Work to be completed: Line by line, retype the material below exactly, from its first line up to and including the one holding "Waterproof Winter Snow".

** Opening Provided records block **

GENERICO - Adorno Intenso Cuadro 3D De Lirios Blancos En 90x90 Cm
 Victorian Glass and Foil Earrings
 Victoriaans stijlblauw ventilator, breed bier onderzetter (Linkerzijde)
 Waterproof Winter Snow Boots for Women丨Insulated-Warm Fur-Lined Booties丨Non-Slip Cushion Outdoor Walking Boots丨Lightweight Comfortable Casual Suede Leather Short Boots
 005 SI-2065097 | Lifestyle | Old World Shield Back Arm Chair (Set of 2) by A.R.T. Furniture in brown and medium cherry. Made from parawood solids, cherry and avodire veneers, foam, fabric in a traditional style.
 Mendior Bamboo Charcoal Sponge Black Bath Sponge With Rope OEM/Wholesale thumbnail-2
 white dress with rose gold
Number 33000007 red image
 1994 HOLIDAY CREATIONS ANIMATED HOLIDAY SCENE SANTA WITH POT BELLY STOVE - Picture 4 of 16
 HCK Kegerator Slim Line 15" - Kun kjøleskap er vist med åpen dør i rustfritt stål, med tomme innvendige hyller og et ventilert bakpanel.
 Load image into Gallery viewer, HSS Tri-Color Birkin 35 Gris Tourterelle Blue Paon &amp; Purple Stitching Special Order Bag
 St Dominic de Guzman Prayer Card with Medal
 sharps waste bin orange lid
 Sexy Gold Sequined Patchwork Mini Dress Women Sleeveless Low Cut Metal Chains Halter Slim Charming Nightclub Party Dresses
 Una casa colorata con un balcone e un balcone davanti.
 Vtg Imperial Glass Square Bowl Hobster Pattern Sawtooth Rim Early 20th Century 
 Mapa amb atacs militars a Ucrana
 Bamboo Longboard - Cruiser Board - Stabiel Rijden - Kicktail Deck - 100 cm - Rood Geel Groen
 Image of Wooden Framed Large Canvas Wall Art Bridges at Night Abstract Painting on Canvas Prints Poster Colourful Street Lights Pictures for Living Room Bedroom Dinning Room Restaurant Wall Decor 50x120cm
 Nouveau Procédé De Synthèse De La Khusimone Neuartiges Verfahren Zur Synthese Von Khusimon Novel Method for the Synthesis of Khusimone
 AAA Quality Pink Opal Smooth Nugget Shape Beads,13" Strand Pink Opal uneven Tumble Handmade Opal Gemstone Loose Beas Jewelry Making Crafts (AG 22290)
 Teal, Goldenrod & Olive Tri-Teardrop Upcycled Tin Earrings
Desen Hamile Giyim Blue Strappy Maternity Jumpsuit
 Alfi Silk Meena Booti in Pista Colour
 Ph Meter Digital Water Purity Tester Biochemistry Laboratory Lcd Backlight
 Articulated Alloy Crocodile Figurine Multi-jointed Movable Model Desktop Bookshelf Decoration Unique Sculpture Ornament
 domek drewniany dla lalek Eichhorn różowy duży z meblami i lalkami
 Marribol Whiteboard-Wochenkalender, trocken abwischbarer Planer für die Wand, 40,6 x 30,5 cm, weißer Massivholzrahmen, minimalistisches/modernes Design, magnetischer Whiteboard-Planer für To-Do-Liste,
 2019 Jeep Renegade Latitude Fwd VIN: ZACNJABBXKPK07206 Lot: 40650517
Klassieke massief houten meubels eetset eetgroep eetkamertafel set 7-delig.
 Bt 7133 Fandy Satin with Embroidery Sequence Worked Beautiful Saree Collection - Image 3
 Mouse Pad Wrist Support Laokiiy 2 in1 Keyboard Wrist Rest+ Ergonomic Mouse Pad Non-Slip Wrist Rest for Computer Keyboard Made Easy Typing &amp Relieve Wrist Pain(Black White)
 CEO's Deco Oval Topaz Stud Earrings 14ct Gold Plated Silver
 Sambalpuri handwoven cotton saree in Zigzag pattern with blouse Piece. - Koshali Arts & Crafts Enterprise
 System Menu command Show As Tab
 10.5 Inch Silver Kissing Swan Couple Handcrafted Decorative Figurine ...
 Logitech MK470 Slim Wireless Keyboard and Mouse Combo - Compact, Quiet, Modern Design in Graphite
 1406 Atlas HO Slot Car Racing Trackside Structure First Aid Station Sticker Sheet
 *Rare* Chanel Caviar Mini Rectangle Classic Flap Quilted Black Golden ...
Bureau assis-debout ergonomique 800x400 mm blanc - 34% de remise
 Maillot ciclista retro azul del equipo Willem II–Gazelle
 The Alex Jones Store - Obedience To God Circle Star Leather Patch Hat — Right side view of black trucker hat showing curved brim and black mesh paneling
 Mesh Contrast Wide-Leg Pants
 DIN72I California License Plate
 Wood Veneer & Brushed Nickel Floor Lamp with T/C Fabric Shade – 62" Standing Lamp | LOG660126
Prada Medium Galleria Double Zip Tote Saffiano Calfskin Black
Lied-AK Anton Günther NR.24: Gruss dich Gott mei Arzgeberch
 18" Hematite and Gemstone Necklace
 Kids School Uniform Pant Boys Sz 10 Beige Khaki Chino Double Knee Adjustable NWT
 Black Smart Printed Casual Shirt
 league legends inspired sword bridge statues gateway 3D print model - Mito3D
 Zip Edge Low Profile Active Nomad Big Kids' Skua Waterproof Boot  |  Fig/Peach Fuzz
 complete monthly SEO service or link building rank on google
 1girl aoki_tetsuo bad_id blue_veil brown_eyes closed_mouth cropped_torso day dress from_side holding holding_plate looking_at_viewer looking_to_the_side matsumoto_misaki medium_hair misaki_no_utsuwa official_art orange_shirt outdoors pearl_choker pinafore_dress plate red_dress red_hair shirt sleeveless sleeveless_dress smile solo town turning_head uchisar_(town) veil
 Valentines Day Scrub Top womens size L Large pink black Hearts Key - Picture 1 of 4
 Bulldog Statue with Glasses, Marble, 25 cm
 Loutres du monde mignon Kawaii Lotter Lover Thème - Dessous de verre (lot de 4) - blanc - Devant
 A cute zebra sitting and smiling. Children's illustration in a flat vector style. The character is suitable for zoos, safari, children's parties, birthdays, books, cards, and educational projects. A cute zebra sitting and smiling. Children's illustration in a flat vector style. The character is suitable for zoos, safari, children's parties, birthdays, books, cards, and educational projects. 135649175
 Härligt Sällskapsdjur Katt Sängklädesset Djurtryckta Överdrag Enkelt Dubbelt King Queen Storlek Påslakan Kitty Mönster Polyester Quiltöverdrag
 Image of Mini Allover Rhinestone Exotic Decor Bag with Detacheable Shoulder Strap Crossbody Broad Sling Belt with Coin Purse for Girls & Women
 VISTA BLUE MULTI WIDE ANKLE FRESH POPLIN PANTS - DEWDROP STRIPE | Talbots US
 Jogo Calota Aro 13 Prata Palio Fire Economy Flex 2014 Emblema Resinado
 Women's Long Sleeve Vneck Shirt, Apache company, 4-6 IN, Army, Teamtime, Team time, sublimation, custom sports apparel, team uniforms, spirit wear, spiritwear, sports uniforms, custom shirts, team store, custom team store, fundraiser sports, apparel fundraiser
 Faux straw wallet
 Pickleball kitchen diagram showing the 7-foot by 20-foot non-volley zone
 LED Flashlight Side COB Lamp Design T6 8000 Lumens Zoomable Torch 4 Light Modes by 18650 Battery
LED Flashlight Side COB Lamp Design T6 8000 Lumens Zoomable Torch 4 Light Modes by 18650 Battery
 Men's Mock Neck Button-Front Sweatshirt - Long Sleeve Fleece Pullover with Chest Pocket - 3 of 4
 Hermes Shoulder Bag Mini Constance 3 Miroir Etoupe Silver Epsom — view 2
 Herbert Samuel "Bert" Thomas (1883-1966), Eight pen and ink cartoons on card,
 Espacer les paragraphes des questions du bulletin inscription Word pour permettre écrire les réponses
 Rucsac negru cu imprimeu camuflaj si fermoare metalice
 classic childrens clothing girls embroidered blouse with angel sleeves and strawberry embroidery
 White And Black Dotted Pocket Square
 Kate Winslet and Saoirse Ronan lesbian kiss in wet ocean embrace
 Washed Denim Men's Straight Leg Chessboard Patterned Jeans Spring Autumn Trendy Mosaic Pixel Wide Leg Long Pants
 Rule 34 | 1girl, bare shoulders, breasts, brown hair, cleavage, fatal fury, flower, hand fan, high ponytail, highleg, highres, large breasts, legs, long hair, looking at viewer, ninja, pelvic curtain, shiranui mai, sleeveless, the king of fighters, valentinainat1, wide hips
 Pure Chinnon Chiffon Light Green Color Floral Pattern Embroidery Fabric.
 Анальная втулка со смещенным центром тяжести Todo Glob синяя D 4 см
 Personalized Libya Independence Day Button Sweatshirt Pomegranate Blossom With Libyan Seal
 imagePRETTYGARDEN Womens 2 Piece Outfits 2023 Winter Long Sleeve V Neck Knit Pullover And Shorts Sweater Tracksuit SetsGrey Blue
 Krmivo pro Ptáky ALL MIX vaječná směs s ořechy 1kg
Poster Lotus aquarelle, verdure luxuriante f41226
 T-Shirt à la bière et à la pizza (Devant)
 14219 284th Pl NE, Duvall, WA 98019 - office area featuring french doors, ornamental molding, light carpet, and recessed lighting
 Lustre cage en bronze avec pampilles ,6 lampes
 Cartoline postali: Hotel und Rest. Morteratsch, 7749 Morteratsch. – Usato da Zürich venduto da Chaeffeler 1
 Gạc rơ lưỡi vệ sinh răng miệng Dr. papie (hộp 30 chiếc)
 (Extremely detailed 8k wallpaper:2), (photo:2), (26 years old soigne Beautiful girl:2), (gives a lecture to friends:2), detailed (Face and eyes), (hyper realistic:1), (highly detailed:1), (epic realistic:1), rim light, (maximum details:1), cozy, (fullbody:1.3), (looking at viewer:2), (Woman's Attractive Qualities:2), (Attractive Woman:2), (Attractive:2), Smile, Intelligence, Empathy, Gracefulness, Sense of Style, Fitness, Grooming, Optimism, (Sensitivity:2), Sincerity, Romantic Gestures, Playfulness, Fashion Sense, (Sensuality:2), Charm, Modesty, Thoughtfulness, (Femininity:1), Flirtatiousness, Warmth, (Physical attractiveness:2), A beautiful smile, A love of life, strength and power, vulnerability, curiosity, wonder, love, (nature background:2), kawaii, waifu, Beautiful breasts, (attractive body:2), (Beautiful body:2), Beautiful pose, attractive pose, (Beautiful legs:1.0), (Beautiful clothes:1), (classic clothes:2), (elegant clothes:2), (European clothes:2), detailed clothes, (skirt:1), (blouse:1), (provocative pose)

** Closing Provided records block **

Final answer:
GENERICO - Adorno Intenso Cuadro 3D De Lirios Blancos En 90x90 Cm
 Victorian Glass and Foil Earrings
 Victoriaans stijlblauw ventilator, breed bier onderzetter (Linkerzijde)
 Waterproof Winter Snow Boots for Women丨Insulated-Warm Fur-Lined Booties丨Non-Slip Cushion Outdoor Walking Boots丨Lightweight Comfortable Casual Suede Leather Short Boots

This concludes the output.